Tuesday, August 30, 2005

SoCal Hot Sauce

This is an excerpt of an email that I received from a guy who just moved to San Diego to attend law school. Me thinks the stories will be good ones over the next 3 years:


I'll start off by saying that I made it to San Diego in one piece. It took 23 hours of taking shifts driving in a Uhaul with a tow dolly (Steve helped me move). And I'm not even going to lie about it, the drive was what I imagine to be the equivalent of childbirth: hours and hours of agony, sweat and vaginal tearing.

It wasn't that Steve and I didn't have a great bonding experience on our trek, it's just that well, I being psycho, kept freaking out about things. For example, every time we hit a bump in the road, no matter the size, I was sure that my car flipped/broke off the Uhaul and behind us was this huge 18 car pile up. At other times I kept torturing myself with the thought of us getting a flat tire. Oh, dear God! Since there are a total of about 5 people that live between Portland and Sacramento and a few rocks and stuff, cell phone service becomes nonexistent and all that there is between these two cities is a long stretch of road with miles and miles of nothingness all around.

I was sure that if our Uhaul did get a flat we would've surely died. 2 months later a highway patrolman would've found our bodies with bite marks and Jack in the Box hot sauce splattered on Steve's butt cheeks—evidence of my final and desperate attempt at survival.

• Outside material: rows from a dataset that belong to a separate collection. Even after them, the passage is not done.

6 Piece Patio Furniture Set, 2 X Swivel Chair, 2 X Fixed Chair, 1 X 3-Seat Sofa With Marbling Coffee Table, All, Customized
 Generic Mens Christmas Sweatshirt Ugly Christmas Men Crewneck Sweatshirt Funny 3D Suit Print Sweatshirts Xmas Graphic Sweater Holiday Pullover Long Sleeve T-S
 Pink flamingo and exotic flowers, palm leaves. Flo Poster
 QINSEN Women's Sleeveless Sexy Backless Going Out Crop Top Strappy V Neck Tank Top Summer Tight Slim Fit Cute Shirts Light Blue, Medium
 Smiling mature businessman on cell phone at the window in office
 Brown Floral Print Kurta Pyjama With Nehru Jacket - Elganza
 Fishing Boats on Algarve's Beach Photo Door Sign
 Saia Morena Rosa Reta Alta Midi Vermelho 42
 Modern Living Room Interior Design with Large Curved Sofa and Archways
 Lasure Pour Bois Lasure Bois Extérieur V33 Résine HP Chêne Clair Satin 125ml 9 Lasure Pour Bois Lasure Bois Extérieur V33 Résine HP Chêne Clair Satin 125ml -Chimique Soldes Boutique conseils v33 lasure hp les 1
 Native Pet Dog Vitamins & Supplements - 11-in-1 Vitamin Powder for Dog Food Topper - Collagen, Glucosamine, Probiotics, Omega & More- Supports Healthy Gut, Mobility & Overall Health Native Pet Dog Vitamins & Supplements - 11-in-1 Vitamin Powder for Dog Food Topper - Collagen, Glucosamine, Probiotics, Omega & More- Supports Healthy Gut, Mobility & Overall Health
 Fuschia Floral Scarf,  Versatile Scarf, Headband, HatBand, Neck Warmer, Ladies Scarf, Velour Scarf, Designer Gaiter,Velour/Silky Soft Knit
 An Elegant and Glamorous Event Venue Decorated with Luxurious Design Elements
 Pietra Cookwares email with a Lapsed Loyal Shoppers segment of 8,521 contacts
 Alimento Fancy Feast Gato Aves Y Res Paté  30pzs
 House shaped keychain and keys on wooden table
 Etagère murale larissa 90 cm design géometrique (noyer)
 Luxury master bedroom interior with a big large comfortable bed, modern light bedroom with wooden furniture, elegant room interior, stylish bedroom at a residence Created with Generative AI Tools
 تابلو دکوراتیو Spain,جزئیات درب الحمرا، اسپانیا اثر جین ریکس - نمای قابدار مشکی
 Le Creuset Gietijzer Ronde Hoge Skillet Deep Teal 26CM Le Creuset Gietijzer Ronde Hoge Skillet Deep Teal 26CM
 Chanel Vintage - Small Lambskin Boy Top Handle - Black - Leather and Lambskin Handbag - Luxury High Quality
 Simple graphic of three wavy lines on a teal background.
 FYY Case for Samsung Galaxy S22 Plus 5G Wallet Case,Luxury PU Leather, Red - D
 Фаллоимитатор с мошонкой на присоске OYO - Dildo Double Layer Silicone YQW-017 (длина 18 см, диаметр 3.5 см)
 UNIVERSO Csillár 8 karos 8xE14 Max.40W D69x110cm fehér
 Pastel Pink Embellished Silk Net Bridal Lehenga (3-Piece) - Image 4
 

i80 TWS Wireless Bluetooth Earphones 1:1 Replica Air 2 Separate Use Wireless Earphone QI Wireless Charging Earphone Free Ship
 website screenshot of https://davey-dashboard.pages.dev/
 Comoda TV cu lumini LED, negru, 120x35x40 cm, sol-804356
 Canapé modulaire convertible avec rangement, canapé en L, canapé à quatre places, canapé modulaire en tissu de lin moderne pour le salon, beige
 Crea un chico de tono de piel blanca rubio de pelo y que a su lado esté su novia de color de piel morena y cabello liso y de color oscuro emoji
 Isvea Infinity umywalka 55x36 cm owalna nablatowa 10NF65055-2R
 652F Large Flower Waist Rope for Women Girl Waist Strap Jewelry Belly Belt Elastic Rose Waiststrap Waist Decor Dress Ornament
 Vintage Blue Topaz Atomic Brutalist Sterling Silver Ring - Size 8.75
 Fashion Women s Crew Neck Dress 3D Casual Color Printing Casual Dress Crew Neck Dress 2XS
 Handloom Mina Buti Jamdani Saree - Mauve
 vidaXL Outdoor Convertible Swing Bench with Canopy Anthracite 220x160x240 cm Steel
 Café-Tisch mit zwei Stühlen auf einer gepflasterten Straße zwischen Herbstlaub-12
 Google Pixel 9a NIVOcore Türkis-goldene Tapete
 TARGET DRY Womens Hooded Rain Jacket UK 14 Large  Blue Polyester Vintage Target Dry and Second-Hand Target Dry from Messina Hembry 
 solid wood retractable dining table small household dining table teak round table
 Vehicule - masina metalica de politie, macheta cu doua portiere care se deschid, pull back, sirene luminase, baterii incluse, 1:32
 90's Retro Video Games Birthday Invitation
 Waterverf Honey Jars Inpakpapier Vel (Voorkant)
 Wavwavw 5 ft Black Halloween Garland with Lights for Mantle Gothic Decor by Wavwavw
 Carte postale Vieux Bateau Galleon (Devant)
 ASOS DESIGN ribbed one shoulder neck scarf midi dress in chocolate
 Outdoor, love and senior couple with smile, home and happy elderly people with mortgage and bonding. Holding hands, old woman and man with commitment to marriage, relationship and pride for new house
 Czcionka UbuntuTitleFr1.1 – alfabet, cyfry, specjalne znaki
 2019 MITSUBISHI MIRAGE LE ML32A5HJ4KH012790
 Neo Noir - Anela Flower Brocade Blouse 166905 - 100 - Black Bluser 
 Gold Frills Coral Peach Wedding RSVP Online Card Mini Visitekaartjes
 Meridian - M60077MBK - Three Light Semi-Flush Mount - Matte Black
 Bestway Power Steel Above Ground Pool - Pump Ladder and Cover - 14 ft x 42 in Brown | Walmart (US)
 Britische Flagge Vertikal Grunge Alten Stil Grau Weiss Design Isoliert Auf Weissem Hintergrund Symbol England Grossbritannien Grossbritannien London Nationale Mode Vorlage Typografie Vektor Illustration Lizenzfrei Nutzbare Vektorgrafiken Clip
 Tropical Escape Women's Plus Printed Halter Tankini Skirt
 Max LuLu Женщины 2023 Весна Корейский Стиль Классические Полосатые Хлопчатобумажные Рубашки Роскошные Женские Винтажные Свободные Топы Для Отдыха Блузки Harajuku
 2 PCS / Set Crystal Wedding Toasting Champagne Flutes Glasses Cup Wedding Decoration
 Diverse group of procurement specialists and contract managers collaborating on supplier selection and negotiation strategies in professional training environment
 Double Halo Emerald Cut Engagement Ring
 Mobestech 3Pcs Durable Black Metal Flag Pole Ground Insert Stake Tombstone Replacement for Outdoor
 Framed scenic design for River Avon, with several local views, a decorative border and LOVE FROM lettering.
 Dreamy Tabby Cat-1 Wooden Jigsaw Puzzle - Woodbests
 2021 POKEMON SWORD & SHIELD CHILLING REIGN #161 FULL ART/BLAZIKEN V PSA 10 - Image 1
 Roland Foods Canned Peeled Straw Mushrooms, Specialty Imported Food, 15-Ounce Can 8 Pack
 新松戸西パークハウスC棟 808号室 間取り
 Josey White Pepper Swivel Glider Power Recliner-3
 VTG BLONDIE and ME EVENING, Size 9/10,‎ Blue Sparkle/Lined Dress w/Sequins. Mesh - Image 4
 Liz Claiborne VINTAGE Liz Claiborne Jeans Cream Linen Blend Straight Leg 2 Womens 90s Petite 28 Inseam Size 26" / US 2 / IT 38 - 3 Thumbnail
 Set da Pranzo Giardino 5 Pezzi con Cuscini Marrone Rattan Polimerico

Well, I live just east of Ocean Beach (about 1 mile) but technically I think my neighborhood is called Point Loma. My complex has about 55 units, a pool and a fitness center but don't start picturing some immaculate resort because it's not. The people who live here aregreat and they range from exchange students from Brazil to a 50-year-old Italian dude who does masonry work and drinks bottles and bottles of wine like it's Gatorade. Everybody in SD is super nice and really friendly. It seems like the total epiphany of a beach town surrounded by colleges. I'd have to say that the girls down here are sick to quite sick and I'm trying really hard to put "it's like I'm walking around with a full time erection down here" delicately.

Oh, and my landlord is gay. And yes, I've been doing everything that I can to get him to fall in love with me. So far it's worked to my advantage (bare with me). He's invited me to dinners several times; has let me do laundry for free (we have a coin operated laundry center); has given me a case of beer (he had a bunch of beer leftover from a party and he says he doesn't drink beer) and among other things that I haven't mentioned, he and his partner have been a great help in getting me situated. We're talking flipping out and doing karate kicks because they get so excited when I ask them if they could take me to a(n) [insert stores like ikea, bed bath and beyond, etc.]. Also I don't want to be misleading here because my landlord is older and stuff and he looks nothing like those chicks on Queer Eye...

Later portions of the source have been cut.